La obligada ausencia a los salones de clases de todos los niveles reitera la endémica dinámica que solo la educación formal institucionalizada puede ofrecer pues para nadie es un secreto la desesperación de los alumnos de no poder compartir ideas, experiencias, pláticas y reuniones con sus compañeros.
Pero no solamente ellos sufren, también infinidad de maestros y maestras lamentan este receso pro salud dada la necesidad intrínseca de estar frente al salón convirtiéndose así en guías del proceso enseñanza-aprendizaje y todas las situaciones y emociones que esto conlleva.
Pongámonos en un supuesto que con seguridad muchos docentes viven actualmente: durante el mes de marzo llegaba su jubilación y para ello estarían pensando desde meses o tal vez años atrás en cómo sería su despedida de los alumnos; por infortunio su documento llegó durante la contingencia y no pudieron siquiera decir un hasta luego a sus fieles estudiantes; corazón vacío.
Y no, no es romanticismo es una de muchas particularidades que se viven como profesionales de la educación, representa esto solo una muestra del apego que la docencia brinda a esa casta privilegiada, hoy confinada, que día a día acude a su escuela.

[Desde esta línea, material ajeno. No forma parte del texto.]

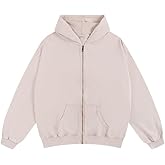 BINTEHGS Basic Oversized Vintage Zip Up Hoodie for Women Baggy Acid Wash Jacket Y2k Retro Grunge Zipper Sweatshirts Loose Fit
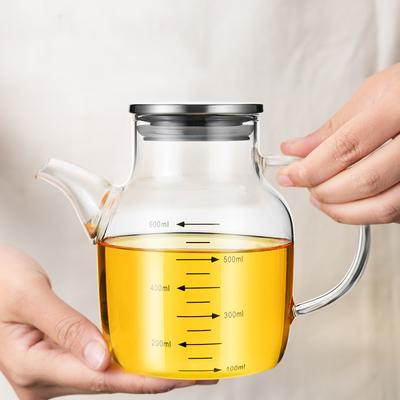 GIANXI Steel Lid Glass Oil Pot Large-capacity Transparent Soy Sauce Vinegar Bottle Leak-proof Fragrant Oil Tank Kitchen Tools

Una realidad de acudir cotidianamente a las aulas es que dicha rutina se convierte en la vida misma, en la ocasión única de servir, de producir, de interactuar, de vivir, de ahí la dificultad de soportar el impedimento de hacer lo que con gusto, pasión y convicción se hace; renunciar a ello, aunque sea temporalmente, sí abre el hueco en el alma y en el corazón.
Pronto las cuatro paredes de los salones brillarán y así, con ánimos renovados, la vocación y la valía magisterial seguirá siendo reflejada en el trabajo diario.